Bhavdeep: If you have a problem, you're going to go to an orthopedist, you're going to go to a chiropractor, you might go to an acupuncturist. And so what we built at Health Quarters at Mount Sinai was, we brought all of healthcare under one roof. It was an aggregate health care platform at Mount Sinai with a series of clinical disciplines in the same building. We also had, dental, orthodontal, chiropractor, mental health…the idea being that give a patient the opportunity to get everything they might want in healthcare under one roof. So, that was a great experience.
Michael: Makes a lot of sense.
Bhavdeep: More recently, last two or three years, I started focusing on consulting. And what I’m really excited to talk about, what we've been working on here in the US now, has been really starting to look at the challenges that US healthcare is having with medical staffing.
Michael: Right, which is the bulk of our conversation today. And as I said, we've been talking to other folks about this, and we're really interested to get your perspective, partly because of that broad sweep of experience that you just talked about, but also that you do have a global
perspective on health care. Most of the folks we talk about have only worked in the U.S., and so that obviously limits what they bring to the table. So I guess a good place to start is just to get your take on what's happening with nurse staffing and then how Global MedTeam is approaching it. What are you bringing to the space?
Bhavdeep: Well, the journey on healthcare staffing started for me with a conversation that I had with a senior healthcare executive at a very, very large New Jersey health system. I was just having a conversation about, you know, what are some of the key things that we're working on as a consultant. I was talking about the usual things…revenue cycle management, process improvement, patient experience, et cetera. And this executive turned to me and said, “Look, you really want to help me? Go get me some nurses.” And I said, “Okay. I'll bite. Tell me, what does that mean? How big is your problem? And he asked me a question. He said “What do you think is my annualized cost for one travel nurse over the course of a year?” I said, “Okay, one nurse over the course of a year…” and I just kind of played it out of my head.
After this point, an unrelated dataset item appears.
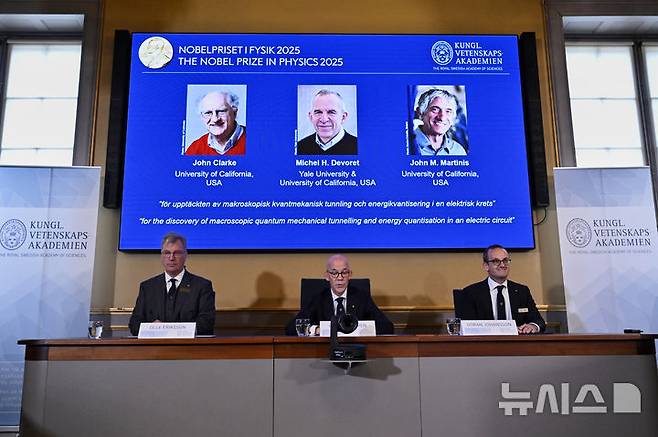 [스톡홀름=AP/뉴시스] 8일 스웨덴 스톡홀름 카롤린스카 연구소에서 열린 노벨상 회의에서 2025년 노벨화학상 수상자인 기타가와 스스무 일본 교토대 교수, 리처드 롭슨 호주 멜버른대 교수, 오마르 야기 미국 UC버클리 교수가 발표되고 있다. 2025.10.08.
I thought to myself, typical RN on the East Coast, Northeast, $85-90,000 salary. I thought about, you know, what does a nurse practitioner make? What does a PA make? What does a nurse make? So I just kind of thought in my head and guessed $130-140,000. He said, “Higher.”
Michael: Yeah.
Bhavdeep: $170,000? $180,000? I’m thinking now I’m at the top. He told me that his annualized cost for one travel nurse was over $350,000.
Michael: Oh my gosh.
Bhavdeep: Three hundred and fifty thousand dollars. I actually thought to myself, you know, we're just having a conversation. So perhaps he's being a bit dramatic and maybe he's rounding up in a big way. A month or two later, I was talking with an executive at a health system in New York City and I had the same conversation. I just casually said, “I heard this number. Is that possible? Could it actually be that high? And this individual turned to me and said, “No, no, no, no. That number's not right. It's actually higher. It's probably $400,000-450,000 for us in New York City, just because the cost of living is more, rentals are more. Transportation is more.”
I was stunned. I was thinking to myself, how is it possible that for an otherwise fully funded role -- in other words, with benefits, vacation, if you put everything in -- it probably cost about $110,000 at best. How is it that a $110,000 replacement in any scenario is three x that much? Maybe four x?
Michael: Yeah. And we should point out that the money's not going in the nurse's pocket. A lot of that difference…
Bhavdeep: Absolutely. Right. I mean, you have the actual cost to get a nurse there. Number one. Number two, the related costs of travel, et cetera, whatever it might be. But then there is a premium that's paid to the nurse and then there's the agency who's actually providing that service. And so you're right. The nurse may -- instead of making $95,000 or $100,000 -- might be making $130,000 to $150,000 but they're not making $300,000 obviously.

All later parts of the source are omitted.